From Fred Ezeh, Abuja
Federal Competition and Consumer Protection Commission (Commission) has served final order on a beverage company, Coca-Cola and Nigerian Bottling Company Limited (NBC) for action on an ongoing investigation that borders on alleged misleading/deceptive product labelling.
FCCPC, in the final order, said the beverage company had migrated some of their products, Coke brand, from a formulation that included regular sugar to non-nutritive sweeteners without providing adequate information to consumers.
In the final order paper which was made available to journalists yesterday, it highlighted that the company was found to have been involved in misleading trade descriptions, making consumers believe that Coca-Cola Original Taste is not materially different from Coca-Cola Original Taste ‘Less Sugar.’
The Commission said it opened a formal investigation on the matter, and between June 2019 and December 2020, the Commission and Coca-Cola, as well as NBC engaged in repeated meetings, including seeking and securing vast internal documents and production logs to determine the veracity or otherwise of the issues that were subject of investigation or explanation.
And by December 2020, the Commission was convinced, based on the evidence, that Coca-Cola and NBC on multiple occasions violated and remained in violation of the FCCPC Act, particularly with respect to transparency and clear disclosure obligations to their product patrons, intentional communications in describing their Coca-Cola “Original Taste, Less Sugar variant as one and the same, as well as unchanged, when in actual fact, same had indeed changed.
FCCPC said that Coca-Cola and NBC initially sought to end the investigation and regulatory process by adopting clearer, more transparent and truthful descriptions and differentiation of the relevant variants of their products which it granted, and also gave Coca-Cola and NBC the opportunity and prerogative to propose remedies, including descriptions and product differentiations, that comply with applicable statutory standards.

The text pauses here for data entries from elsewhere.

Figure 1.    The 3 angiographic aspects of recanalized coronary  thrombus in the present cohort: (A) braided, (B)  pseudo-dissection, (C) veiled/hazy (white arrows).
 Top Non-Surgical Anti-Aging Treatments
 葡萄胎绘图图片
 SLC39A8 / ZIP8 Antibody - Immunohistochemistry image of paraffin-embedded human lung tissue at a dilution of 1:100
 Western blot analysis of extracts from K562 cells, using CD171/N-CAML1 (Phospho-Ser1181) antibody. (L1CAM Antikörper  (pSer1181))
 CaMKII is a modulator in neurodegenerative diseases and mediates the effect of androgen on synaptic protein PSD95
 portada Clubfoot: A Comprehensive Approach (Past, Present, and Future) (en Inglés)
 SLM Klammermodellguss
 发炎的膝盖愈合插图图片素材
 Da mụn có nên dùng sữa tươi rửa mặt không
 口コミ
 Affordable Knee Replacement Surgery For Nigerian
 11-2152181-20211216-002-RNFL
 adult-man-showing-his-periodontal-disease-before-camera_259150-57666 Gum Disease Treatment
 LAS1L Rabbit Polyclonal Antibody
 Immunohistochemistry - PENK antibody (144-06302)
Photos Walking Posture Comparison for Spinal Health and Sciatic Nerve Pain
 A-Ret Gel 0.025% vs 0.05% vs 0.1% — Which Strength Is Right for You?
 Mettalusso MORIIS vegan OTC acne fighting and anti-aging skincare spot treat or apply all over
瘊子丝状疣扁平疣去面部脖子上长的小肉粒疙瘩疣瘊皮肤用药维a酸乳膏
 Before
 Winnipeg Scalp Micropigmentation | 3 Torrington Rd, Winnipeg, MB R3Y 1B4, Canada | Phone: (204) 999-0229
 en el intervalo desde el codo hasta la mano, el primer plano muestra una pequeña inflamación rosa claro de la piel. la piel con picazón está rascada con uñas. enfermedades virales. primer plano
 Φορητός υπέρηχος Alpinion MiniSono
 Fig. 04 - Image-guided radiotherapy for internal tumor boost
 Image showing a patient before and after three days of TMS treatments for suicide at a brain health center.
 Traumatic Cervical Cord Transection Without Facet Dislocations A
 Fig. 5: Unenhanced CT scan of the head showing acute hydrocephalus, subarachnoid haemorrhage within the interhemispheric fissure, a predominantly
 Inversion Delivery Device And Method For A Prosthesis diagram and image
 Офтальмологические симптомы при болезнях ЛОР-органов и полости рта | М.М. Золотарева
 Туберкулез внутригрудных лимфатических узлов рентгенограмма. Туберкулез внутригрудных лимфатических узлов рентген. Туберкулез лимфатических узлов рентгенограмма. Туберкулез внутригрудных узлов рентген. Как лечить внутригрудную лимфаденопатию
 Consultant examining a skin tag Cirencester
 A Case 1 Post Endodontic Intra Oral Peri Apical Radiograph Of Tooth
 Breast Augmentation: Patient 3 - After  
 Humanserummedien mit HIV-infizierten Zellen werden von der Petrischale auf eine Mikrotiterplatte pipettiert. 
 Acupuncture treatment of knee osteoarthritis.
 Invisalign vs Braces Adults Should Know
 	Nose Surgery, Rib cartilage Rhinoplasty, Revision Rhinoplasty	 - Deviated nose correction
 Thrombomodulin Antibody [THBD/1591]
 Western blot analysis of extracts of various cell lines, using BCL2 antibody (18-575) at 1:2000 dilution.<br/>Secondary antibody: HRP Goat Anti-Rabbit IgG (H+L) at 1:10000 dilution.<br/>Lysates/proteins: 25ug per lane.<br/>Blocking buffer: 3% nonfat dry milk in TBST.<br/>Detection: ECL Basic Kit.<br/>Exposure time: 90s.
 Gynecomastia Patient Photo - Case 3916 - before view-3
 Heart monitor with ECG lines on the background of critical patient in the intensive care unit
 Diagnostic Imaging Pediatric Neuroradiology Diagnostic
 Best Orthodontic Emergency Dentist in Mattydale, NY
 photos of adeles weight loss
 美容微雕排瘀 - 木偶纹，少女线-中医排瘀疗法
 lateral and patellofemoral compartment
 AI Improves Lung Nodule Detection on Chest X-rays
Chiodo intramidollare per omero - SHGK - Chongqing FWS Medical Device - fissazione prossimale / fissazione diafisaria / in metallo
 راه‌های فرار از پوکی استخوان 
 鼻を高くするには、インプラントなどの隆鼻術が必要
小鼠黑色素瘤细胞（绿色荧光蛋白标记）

The Commission, however, confirmed that it had a lengthy engagement with Coca-Cola and NBC on a process of building consensus around a mutually agreed differentiation and description of the different relevant products.
It added that Coca-Cola and NBC sought an extended timeline before changing to the newly mutually agreed product descriptions and differentiations as proposed by Coca-Cola and NBC in order to exhaust existing packaging inventory, and lead time for new packaging inventory to arrive in stock. The Commission granted the extension as requested.